Segment Start: Information provided
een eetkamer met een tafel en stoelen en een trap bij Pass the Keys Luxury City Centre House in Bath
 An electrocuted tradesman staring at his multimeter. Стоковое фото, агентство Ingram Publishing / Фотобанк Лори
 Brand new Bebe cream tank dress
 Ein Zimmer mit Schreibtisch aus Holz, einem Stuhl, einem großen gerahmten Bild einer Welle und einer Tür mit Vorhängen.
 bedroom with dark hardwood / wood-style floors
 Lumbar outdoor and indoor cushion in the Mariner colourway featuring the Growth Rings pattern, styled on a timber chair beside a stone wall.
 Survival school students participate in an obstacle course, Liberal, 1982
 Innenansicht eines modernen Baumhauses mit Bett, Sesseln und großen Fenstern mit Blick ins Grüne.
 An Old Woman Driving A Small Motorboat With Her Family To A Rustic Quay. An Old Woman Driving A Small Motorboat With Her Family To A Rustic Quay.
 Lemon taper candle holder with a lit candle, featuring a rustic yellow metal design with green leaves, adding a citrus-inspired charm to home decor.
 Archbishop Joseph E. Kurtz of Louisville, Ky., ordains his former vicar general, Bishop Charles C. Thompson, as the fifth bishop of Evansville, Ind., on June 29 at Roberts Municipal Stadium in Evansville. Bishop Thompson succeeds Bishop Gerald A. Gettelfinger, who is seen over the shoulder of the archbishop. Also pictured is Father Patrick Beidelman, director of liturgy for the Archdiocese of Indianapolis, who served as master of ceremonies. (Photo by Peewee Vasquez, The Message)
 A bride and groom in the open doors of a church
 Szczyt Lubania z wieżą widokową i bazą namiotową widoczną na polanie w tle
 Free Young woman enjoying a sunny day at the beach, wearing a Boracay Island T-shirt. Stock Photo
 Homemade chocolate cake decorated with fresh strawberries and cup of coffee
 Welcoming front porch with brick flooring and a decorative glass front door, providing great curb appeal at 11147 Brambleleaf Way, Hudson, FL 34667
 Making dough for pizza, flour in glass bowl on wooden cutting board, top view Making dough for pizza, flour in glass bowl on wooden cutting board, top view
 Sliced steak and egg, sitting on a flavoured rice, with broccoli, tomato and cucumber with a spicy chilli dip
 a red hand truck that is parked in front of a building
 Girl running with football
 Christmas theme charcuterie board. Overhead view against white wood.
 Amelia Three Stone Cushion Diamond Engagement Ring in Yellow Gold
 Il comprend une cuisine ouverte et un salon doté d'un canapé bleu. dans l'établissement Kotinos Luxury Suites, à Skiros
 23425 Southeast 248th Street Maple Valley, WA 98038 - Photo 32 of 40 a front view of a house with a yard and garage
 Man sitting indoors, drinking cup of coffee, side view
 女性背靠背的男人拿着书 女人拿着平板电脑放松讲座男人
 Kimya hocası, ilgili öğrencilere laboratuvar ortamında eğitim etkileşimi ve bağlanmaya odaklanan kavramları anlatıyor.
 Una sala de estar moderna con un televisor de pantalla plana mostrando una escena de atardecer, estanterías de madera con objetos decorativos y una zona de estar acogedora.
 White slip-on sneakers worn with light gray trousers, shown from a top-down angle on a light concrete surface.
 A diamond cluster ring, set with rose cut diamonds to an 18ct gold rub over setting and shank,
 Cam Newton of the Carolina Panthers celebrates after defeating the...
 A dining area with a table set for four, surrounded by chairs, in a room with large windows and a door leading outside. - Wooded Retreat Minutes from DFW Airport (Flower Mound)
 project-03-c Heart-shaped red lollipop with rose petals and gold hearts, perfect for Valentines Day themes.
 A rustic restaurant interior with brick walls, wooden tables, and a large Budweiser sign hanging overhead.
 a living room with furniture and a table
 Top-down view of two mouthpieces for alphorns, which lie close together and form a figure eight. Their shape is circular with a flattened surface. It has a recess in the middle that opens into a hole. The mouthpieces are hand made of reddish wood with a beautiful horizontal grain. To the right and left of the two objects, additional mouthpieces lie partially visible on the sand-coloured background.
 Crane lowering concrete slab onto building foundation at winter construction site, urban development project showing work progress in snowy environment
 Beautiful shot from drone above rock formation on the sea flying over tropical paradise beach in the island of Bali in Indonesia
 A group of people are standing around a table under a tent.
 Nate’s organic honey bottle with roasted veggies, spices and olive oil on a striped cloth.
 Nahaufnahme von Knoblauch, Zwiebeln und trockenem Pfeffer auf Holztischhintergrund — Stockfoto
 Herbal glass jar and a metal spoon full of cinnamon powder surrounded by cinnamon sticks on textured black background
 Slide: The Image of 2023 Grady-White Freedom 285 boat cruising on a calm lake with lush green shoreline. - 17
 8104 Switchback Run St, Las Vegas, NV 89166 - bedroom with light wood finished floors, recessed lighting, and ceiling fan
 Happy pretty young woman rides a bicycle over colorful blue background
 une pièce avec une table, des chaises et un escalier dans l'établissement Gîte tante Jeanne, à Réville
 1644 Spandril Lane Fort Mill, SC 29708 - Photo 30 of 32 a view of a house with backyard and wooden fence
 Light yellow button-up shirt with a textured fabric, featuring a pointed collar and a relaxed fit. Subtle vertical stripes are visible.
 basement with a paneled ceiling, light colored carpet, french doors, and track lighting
Segment End: Information provided
The task
Exactly the lines above from the one with "Nate’s organic honey" to the one with "Nahaufnahme von Knoblauch, Zwiebeln", both included, are to be quoted; leave the rest out.

Written reply
 Nate’s organic honey bottle with roasted veggies, spices and olive oil on a striped cloth.
 Nahaufnahme von Knoblauch, Zwiebeln und trockenem Pfeffer auf Holztischhintergrund — Stockfoto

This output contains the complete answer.